Y ahora vivo en una realidad oblicua, en una realidad saturada de humo, alcohol, lecturas literarias y masturbación psicológica. Y ahora que vivo así me siento capaz de nombrarte la quinta pared de mi encierro, una pared que a veces simula ventanas y puertas. Yo intento saltar y mover los picaportes, pero la fuga es falsa y de pronto me encuentro en una réplica del mismo cuarto. Así de una forma infinita: ad nauseam. Cada una de tus despedidas me atormenta, me sienta a escribir compulsivamente, me empuja hacia los sótanos de alguna pesadilla sustanciosa, rancia, a veces coagulada y con un gusto caníbal. Primero las madres y las hermanas. Después las amigas que nos besan en la mejilla. Después la primera novia y al final las prostitutas que lloran sobre nuestros hombros, bebiendo vodka y fumando con la mirada en el vacío.


Una música extraña, mezcla de jazz y de tango, recorría todos los rincones de la habitación. La imagen ganaría el primer premio en un concurso de fotografía: o sea un cigarrillo mal apagado en el cenicero, una copa vacía con manchas de lápiz labial en sus bordes y un preservativo usado sobre el lujo de la alfombra rosa. Verónica y Angélica estaban desnudas sobre la cama, acariciándose mutuamente, moldeando cada relieve de sus pronunciadas curvas. También se besaban en los labios: besos enormes que cada tanto abarcaban nariz, mentón y cuello. Mientras tanto, Roger y yo nos dedicábamos a contemplarlas al mismo tiempo que fumábamos y bebíamos sin respiro. Ya les habíamos hecho el amor y ahora invertíamos un poco más de nuestro dinero en el placer visual de un lésbico espectáculo. Así transcurría aquella noche, nuestro modo pasional de entregarnos a la nada, despreocupados del futuro, de la muerte y de todas esas idioteces planificadas para instalar el miedo y la frigidez creativa.
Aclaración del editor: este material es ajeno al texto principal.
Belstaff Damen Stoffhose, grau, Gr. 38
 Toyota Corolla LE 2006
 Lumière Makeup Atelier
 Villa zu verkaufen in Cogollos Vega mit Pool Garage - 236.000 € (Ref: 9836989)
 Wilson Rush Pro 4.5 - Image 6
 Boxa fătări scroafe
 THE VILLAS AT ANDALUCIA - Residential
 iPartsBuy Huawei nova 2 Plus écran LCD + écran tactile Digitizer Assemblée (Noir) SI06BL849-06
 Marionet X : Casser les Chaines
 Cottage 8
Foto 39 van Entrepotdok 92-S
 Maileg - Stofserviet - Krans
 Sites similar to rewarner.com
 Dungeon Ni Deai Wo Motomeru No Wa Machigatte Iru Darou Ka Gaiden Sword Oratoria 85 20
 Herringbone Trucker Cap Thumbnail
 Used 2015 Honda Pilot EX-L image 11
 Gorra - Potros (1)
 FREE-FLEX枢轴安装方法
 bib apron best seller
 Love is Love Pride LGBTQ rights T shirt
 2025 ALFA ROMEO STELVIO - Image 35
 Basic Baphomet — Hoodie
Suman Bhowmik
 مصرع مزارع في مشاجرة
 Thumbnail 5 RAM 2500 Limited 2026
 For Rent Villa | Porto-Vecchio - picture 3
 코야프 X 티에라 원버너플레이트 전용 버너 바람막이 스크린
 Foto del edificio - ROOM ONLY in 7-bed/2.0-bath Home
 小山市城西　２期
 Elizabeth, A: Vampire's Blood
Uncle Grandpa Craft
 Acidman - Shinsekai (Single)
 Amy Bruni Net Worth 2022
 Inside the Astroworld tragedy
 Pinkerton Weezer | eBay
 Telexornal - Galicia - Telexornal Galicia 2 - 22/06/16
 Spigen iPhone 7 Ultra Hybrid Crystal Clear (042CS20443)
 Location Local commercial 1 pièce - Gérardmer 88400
Salimos del hotel como a las cinco de la mañana. La luna era un débil coágulo lácteo recortando oscuridades. Ellas se quedaron en la habitación, envueltas en aquella penumbra rojiza, perfectamente desnudas, dulcemente abrazadas y profundamente dormidas. Mientras pateábamos piedras en la calle Roger me empezó a hablar de las prostitutas, me dijo que eran de Paraná, que hace bastante que las conocía y que a veces se entregaban sin pedir dinero a cambio. Ya casi se podría hablar de amistad y de favores sexuales. “Son unas golfas bohemias” murmuró cuando llegamos a su casa, mientras se sentaba en el sofá y luchaba con los fósforos para poder encender un cigarrillo. Al soltar el humo de la primera pitada se puso serio y agregó con tono ceremonial: “Pero son muy buenas personas, y aunque no lo creas, son bastante inteligentes”.